§ TRY IT
The records below need to be set down again exactly; their images stay out.

§ EXCERPTED DATA
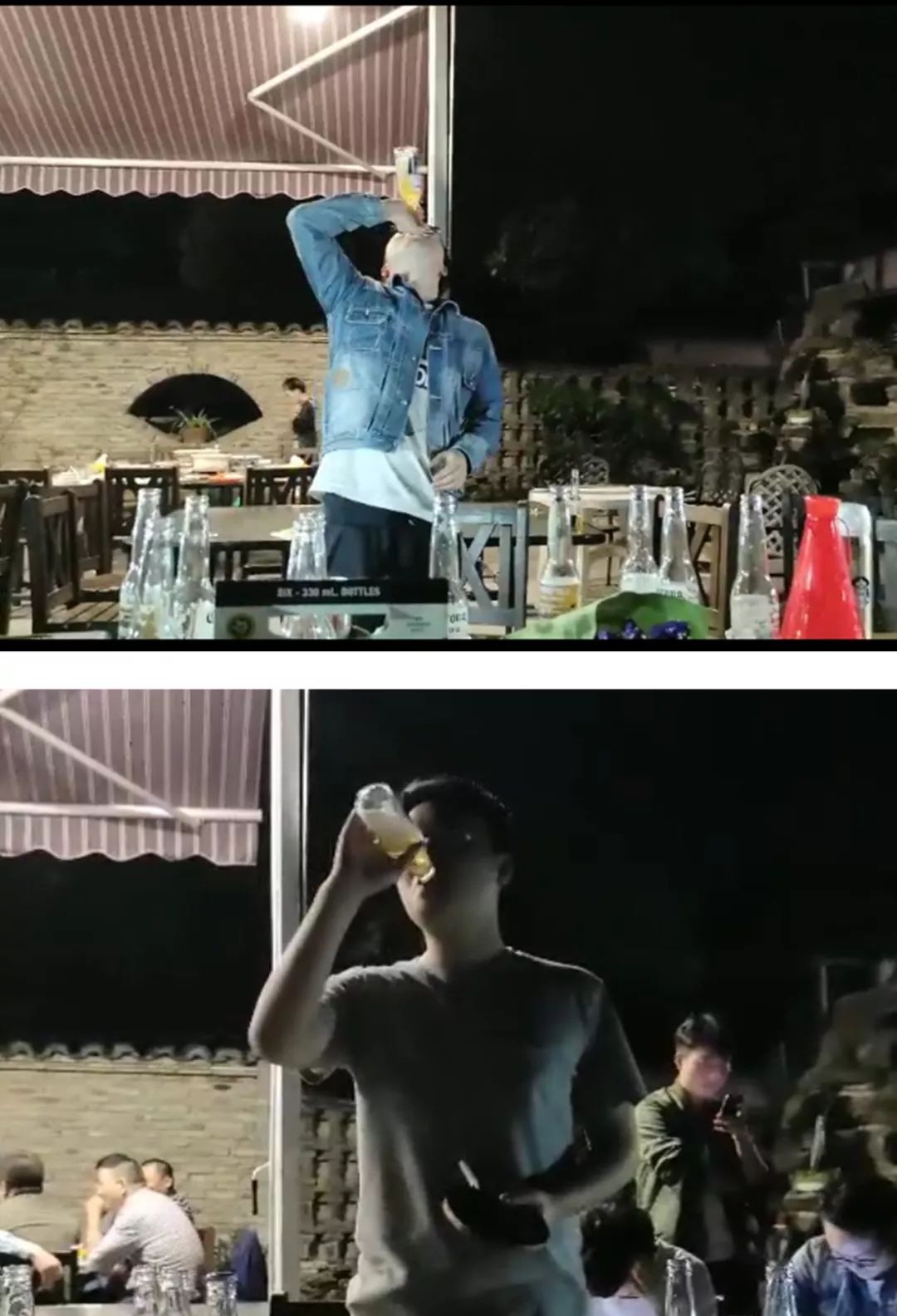 力设计踏青活动 | 趣味无穷的团建时光-48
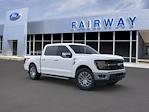 2024 Ford F-150 SuperCrew Cab 4WD Pickup for sale #Y974 - photo 7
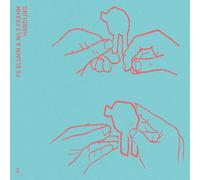 F.S. Blumm & Nils Frahm Handling (Vinyl LP) 12" Album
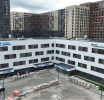 Поликлинику на 540 посещений откроют в жилом комплексе Люберец в 2026 году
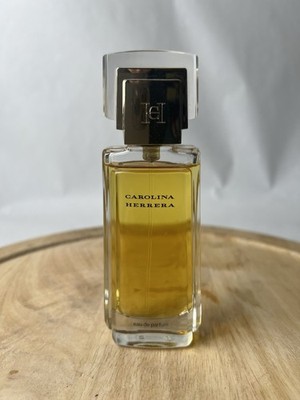 Carolina Herrera Eau De Parfum - Original Fragrance - 1.7 Fl Oz/50 mL
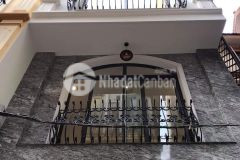 Bán nhà thang máy phùng chí kiên, 6 tầng, mtiền 4.7 giá 10.3 tỷ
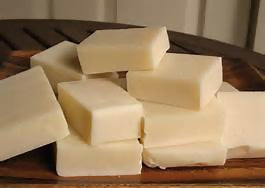 Homemade soap ~ sensitive skin care ~ 7 scents to choose from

§ WRITTEN SOLUTION
 力设计踏青活动 | 趣味无穷的团建时光-48
 2024 Ford F-150 SuperCrew Cab 4WD Pickup for sale #Y974 - photo 7
 F.S. Blumm & Nils Frahm Handling (Vinyl LP) 12" Album
 Поликлинику на 540 посещений откроют в жилом комплексе Люберец в 2026 году
 Carolina Herrera Eau De Parfum - Original Fragrance - 1.7 Fl Oz/50 mL
 Bán nhà thang máy phùng chí kiên, 6 tầng, mtiền 4.7 giá 10.3 tỷ
 Homemade soap ~ sensitive skin care ~ 7 scents to choose from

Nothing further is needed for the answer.